Von schärferen Regeln aber will der Bundesrat um Asylminister Beat Jans (59) nichts wissen. Er teile zwar das Anliegen, Missbräuche konsequent zu bekämpfen. Für ihn aber genügen die geltenden Gesetze. So erlösche zum Beispiel der vorübergehende Schutz schon heute, wenn sich Schutzbedürftige wiederholt oder länger als 15 Tage in ihrem Heimat- oder Herkunftsstaat aufgehalten haben. Auch sei der mehrmalige Bezug von Rückkehrhilfe bereits nach geltendem Recht ausgeschlossen.

Habe sich eine Person den vorübergehenden Schutz durch falsche Angaben erschlichen, werde dieser schon heute widerrufen, versichert der Bundesrat ausserdem. Auch erhalte schon heute niemand den Status S, wenn er einen solchen schon in einem anderen Staat erhalten habe und dorthin zurückkehren kann.
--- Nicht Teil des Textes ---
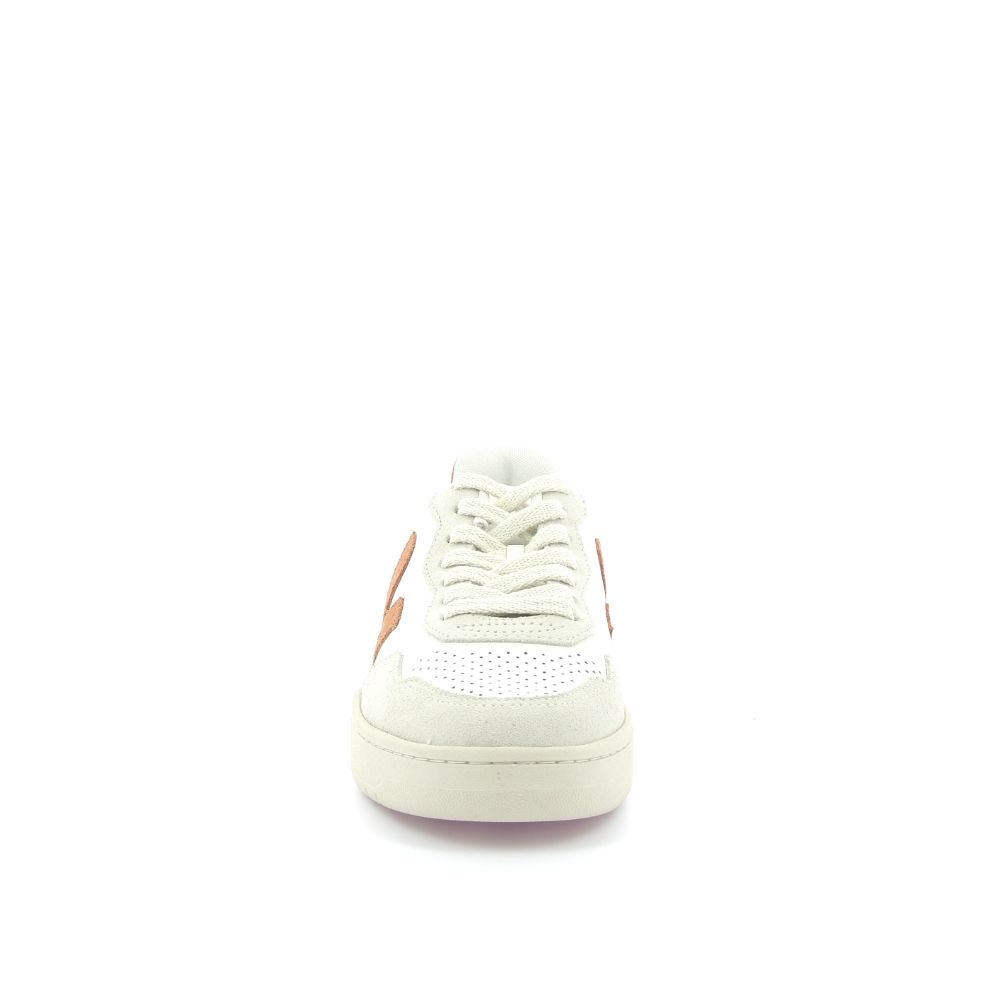 Veja V90 246540 wit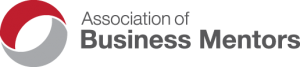 Association Of Business Mentors Logo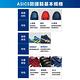 ASICS 亞瑟士 WINJOB CP209 BOA 男女 中性 寬楦 BOA 防護鞋 1271A029-602 product thumbnail 7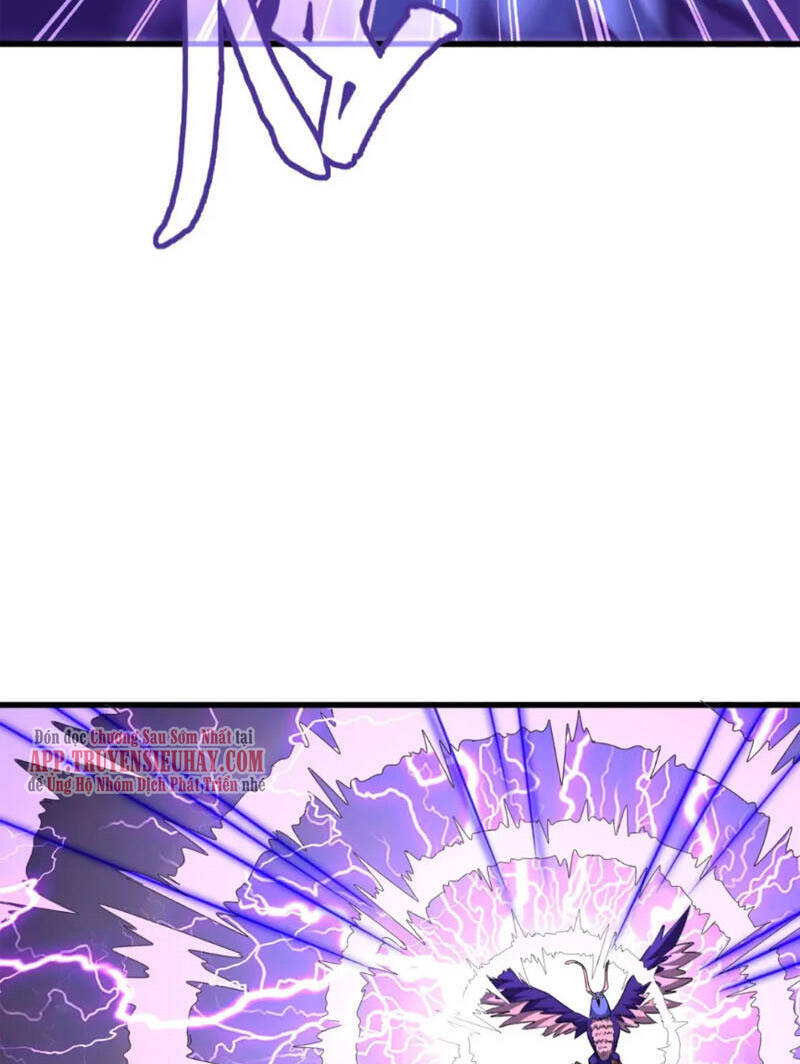 Chapter 329 trang 14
Allerdings: Um den Schutzstatus S rasch und effizient gewähren zu können und so das Asylsystem zu entlasten, werde auf eine individuelle Prüfung der Asylgründe verzichtet. Gleichzeitig müsse es möglich sein, ein Schutzgesuch mehr als einmal einzureichen. «So könnte jemand etwa in seine Heimat zurückkehren und dann nach einer erneuten russischen Offensive doch wieder fliehen müssen», erklärt der Bundesrat. «Dies zu verunmöglichen, würde dem Grundgedanken des Schutzstatus S zuwiderlaufen.»

Schutzstatus S bleibt umstritten

Allerdings ist der für rund 65'000 Personen geltende Schutzstatus S auch im Bundesrat selber nicht unumstritten. Infrage gestellt hatte ihn etwa SVP-Bundesrat Albert Rösti (56), der beantragt hatte, «von einem pauschalen zu einem differenzierten Ansatz zu wechseln», wie Blick berichtete. Für Personen aus Gebieten, die «von der Kriegsfront weit entfernt» liegen, sollte der Status S mit einer angemessenen Frist auslaufen. In der Regierung lief Rösti mit diesem Antrag allerdings auf.

Und auch im Parlament bleibt Kritik. «Sollten die gesetzlichen Normen tatsächlich ausreichen – was ich bezweifle –, dann hapert es massiv im Vollzug», findet Mitte-Ständerat Würth. Der Handlungsbedarf sei nach wie vor erheblich. «Man kann nicht alles mit Verfahrenseffizienz begründen, wenn gleichzeitig die Lasten für Kantone und Gemeinden und somit auch die finanziellen Abgeltungen für den Bund massiv ansteigen.»